Data records
=== Begin Enclosure ===

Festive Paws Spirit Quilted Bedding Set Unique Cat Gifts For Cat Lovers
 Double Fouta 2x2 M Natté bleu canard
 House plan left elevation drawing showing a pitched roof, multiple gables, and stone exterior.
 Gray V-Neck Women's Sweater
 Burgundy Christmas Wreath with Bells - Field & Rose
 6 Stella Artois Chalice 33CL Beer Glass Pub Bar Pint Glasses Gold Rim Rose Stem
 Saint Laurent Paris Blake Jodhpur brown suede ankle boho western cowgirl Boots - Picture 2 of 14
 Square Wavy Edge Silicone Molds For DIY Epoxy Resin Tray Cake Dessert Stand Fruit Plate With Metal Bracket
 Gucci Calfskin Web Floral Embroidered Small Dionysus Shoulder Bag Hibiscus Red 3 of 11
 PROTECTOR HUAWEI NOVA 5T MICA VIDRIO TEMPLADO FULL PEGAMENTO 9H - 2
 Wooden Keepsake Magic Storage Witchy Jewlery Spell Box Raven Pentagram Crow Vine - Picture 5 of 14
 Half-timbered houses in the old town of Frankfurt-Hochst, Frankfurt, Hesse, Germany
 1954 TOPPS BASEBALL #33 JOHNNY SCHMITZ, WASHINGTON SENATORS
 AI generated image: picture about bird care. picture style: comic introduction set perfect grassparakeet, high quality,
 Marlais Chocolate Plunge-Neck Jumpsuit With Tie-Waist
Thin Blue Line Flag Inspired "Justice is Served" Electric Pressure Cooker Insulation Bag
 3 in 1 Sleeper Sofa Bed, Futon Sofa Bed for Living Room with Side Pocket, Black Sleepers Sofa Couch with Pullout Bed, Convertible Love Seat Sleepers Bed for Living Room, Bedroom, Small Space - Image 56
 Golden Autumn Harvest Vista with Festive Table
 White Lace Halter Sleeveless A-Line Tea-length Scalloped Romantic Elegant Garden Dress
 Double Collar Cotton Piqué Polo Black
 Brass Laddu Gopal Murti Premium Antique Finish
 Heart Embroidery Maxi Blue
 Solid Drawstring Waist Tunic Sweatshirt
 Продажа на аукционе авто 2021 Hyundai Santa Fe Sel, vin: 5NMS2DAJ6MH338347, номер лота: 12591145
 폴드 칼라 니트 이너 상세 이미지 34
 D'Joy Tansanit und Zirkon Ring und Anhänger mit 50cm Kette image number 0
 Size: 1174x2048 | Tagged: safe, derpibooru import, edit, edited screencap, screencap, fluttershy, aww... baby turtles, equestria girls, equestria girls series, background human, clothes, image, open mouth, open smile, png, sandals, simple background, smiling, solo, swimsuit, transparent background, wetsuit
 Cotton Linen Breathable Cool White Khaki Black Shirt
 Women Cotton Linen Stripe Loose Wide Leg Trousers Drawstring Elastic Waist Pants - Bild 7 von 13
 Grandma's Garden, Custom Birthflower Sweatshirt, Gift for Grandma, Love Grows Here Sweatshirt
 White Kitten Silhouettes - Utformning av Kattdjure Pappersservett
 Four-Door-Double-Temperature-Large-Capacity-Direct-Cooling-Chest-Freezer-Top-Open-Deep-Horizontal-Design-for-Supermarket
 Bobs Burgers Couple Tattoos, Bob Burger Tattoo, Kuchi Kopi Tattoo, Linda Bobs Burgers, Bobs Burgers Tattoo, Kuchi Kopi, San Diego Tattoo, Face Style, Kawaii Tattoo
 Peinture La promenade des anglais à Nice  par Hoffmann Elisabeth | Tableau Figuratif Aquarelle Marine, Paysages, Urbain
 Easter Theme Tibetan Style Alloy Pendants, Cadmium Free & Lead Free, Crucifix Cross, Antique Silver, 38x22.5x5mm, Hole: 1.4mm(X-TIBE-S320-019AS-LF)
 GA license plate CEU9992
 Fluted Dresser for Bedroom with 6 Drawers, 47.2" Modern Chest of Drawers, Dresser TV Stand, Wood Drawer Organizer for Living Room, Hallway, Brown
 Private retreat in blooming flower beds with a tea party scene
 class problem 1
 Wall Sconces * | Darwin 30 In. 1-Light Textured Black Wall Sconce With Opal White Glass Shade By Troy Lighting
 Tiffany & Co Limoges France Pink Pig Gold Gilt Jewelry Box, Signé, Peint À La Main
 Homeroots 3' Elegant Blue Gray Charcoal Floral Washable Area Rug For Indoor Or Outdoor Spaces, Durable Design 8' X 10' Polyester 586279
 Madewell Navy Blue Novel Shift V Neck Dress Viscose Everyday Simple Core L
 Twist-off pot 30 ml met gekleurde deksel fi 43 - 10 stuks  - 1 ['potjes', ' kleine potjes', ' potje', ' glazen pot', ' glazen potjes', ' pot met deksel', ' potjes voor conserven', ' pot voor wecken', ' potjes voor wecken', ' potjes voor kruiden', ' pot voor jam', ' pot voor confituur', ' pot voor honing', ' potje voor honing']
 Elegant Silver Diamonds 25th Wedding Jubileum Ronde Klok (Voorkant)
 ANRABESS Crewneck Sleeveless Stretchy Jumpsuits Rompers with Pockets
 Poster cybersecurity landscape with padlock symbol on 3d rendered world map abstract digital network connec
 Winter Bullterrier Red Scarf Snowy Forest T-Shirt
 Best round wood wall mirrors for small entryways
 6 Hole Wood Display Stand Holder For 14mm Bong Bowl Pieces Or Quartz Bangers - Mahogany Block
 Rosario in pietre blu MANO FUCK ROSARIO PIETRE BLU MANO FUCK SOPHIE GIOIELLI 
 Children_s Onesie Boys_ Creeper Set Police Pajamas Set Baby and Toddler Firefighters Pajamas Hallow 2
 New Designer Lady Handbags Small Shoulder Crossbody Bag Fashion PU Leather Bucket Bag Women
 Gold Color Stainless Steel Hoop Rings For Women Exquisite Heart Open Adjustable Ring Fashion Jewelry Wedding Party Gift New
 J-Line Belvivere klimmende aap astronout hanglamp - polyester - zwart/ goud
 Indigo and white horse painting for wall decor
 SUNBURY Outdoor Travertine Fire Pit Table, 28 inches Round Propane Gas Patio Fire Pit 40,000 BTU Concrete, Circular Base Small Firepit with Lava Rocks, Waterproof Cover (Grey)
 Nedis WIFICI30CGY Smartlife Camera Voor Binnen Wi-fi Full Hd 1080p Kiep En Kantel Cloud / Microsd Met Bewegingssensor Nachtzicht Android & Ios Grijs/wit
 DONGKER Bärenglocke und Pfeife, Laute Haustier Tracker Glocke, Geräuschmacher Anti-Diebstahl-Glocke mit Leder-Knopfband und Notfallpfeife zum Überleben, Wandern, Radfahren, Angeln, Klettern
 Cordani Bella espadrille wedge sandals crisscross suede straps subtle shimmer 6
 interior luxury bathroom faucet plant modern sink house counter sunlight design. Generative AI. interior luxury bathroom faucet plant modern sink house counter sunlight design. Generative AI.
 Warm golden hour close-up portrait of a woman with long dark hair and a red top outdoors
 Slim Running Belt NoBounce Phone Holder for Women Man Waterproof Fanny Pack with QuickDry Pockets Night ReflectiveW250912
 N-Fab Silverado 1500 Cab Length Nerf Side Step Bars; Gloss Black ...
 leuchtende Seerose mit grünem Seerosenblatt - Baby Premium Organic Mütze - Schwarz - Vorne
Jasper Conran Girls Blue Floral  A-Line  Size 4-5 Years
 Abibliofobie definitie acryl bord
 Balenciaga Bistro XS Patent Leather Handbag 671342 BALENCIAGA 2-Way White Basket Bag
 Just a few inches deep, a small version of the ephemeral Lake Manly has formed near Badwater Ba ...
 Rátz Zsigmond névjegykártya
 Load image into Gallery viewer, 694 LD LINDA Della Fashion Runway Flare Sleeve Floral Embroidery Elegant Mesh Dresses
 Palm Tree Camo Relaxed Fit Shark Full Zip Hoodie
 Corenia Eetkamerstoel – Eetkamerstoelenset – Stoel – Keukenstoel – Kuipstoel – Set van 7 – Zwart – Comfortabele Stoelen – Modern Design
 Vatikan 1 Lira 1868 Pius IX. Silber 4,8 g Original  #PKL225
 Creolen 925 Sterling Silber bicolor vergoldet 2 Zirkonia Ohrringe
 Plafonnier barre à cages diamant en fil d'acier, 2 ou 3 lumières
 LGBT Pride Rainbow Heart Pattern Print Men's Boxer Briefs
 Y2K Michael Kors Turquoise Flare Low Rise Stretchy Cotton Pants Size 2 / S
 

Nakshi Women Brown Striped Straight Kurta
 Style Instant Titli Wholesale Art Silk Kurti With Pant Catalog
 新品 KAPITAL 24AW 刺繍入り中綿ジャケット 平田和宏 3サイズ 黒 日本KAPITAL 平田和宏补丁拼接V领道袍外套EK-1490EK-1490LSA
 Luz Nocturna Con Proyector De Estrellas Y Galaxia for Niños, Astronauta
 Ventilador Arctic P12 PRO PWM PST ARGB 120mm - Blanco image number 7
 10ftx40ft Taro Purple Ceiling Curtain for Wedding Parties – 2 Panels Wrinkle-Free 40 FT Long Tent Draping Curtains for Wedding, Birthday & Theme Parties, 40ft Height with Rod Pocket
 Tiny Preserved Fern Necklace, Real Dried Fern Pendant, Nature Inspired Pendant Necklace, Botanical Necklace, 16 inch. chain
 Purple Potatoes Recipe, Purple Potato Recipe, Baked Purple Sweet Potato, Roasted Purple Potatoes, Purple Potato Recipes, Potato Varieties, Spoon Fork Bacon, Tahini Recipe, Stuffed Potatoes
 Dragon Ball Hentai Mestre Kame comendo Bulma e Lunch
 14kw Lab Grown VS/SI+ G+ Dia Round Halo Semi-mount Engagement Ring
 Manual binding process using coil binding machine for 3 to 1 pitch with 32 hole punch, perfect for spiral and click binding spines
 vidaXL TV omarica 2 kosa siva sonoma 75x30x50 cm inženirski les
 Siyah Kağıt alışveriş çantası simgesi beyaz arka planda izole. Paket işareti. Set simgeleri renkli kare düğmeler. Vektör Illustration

=== End Enclosure ===

◆ Task statement
An exact copy of the lines above, from the one containing "1954 TOPPS BASEBALL" through the one containing "Thin Blue Line", is the whole of the answer.

◆ Exercise solution
 1954 TOPPS BASEBALL #33 JOHNNY SCHMITZ, WASHINGTON SENATORS
 AI generated image: picture about bird care. picture style: comic introduction set perfect grassparakeet, high quality,
 Marlais Chocolate Plunge-Neck Jumpsuit With Tie-Waist
Thin Blue Line Flag Inspired "Justice is Served" Electric Pressure Cooker Insulation Bag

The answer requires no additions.